Some typical entries including suspending a process and booting up will look like:

  Apr 30 07:56:05 forbidden kernel: Sig: 15 from pid: 44 (bash) to pid: 61 (a.out)
  Apr 30 07:56:22 forbidden kernel: Sig: 18 from pid: 44 (bash) to pid: -62
  Apr 30 07:57:08 forbidden kernel: Sig: 11 from pid: 44 (bash) to pid: -62
  Apr 30 07:57:17 forbidden kernel: Sig: 15 from pid: 44 (bash) to pid: 63
  Apr 30 07:57:20 forbidden kernel: Sig: 15 from pid: 44 (bash) to pid: 62 (sleep)
  Apr 30 07:57:24 forbidden kernel: Sig: 18 from pid: 44 (bash) to pid: -62
  Apr 30 08:00:36 forbidden kernel: Sig: 15 from pid: 88 (poff) to pid: 74 (pppd)
  Apr 30 08:07:29 forbidden kernel: Sig: 19 from pid: 94 (vi) to pid: 0
  Apr 30 08:07:58 forbidden kernel: Sig: 18 from pid: 92 (bash) to pid: -94
  Apr 30 08:10:23 forbidden kernel: Sig: 19 from pid: 96 (vi) to pid: 0
  Apr 30 08:10:26 forbidden kernel: Sig: 18 from pid: 65 (bash) to pid: -96
  Apr 30 08:33:07 forbidden kernel: Sig: 19 from pid: 503 (vi) to pid: 0
  Apr 30 08:33:41 forbidden kernel: Sig: 18 from pid: 65 (bash) to pid: -503
  Apr 30 08:41:08 forbidden kernel: Sig: 19 from pid: 711 (vi) to pid: 0
  Apr 30 08:41:17 forbidden kernel: Sig: 18 from pid: 65 (bash) to pid: -711
  Apr 30 08:42:27 forbidden kernel: Sig: 15 from pid: 1 (init) to pid: -43
  Apr 30 08:42:27 forbidden kernel: Sig: 15 from pid: 1 (init) to pid: -730
  Apr 30 08:42:27 forbidden kernel: Sig: 15 from pid: 1 (init) to pid: -45
  Apr 30 08:42:27 forbidden kernel: Sig: 15 from pid: 1 (init) to pid: -46
  Apr 30 08:42:27 forbidden kernel: Sig: 15 from pid: 1 (init) to pid: -47
  Apr 30 08:42:27 forbidden kernel: Sig: 15 from pid: 1 (init) to pid: -48
  Apr 30 08:43:18 forbidden kernel: Sig: 15 from pid: 30 (syslogd) to pid: 29 (syslogd)
  Apr 30 08:44:34 forbidden kernel: Sig: 15 from pid: 44 (bash) to pid: 63 (bigloop)
  Apr 30 08:46:11 forbidden kernel: Sig: 4 from pid: 44 (bash) to pid: 80 (bigloop)
  Apr 30 08:47:20 forbidden kernel: Sig: 4 from pid: 44 (bash) to pid: 84 (bigloop)

The End

So did we get the SIGABRT traced down? Sort of. It turns out the signal 6 was self-inflicted by a signal handler.

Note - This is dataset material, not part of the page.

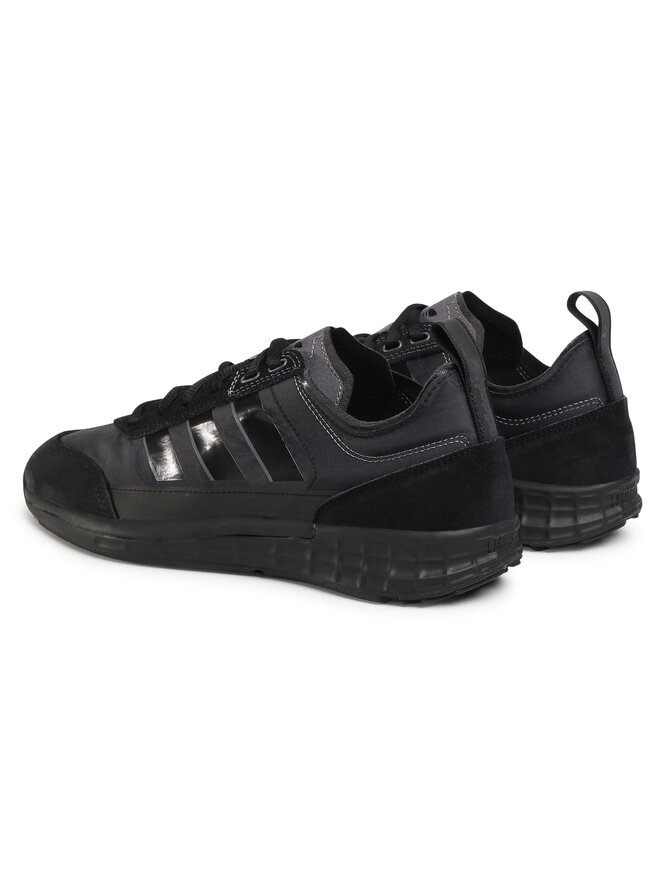 adidas Sneakers adidas Sl 7200 FV9820 Schwarz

What signal handler was that? The signal handler for signal 11 (SEGV).

Now where is this signal 11 coming from? What does this logfile show? Nothing. This kernel patch just logs signals sent via the kill system call so we can only see signals sent by user processes. The signal 11 is occurring in the kernel somewhere. It's most likely a bad pointer.

Personally I've seen sig 11's pop up from three causes:

Accessing unmapped memory. (ie a bad pointer)
Running out of stack space. (8 Mega Bytes by default)
Flaky hardware.
Okay four causes: Intentionally sending a signal 11 with kill().

I bumped the stack space up to 32 Megs but the application still crashes and I don't have any problems with other programs crashing like this on that busy machine. It looks like the cause is problems with the server program.

The vendor claimed that upgrading to the enterprise solution would keep the problems at bay. It turns out the (aprox. $4000) "upgrade" was a new serial number, and NOT a new executable, which enabled advanced features in the software but the segfaults are still a problem.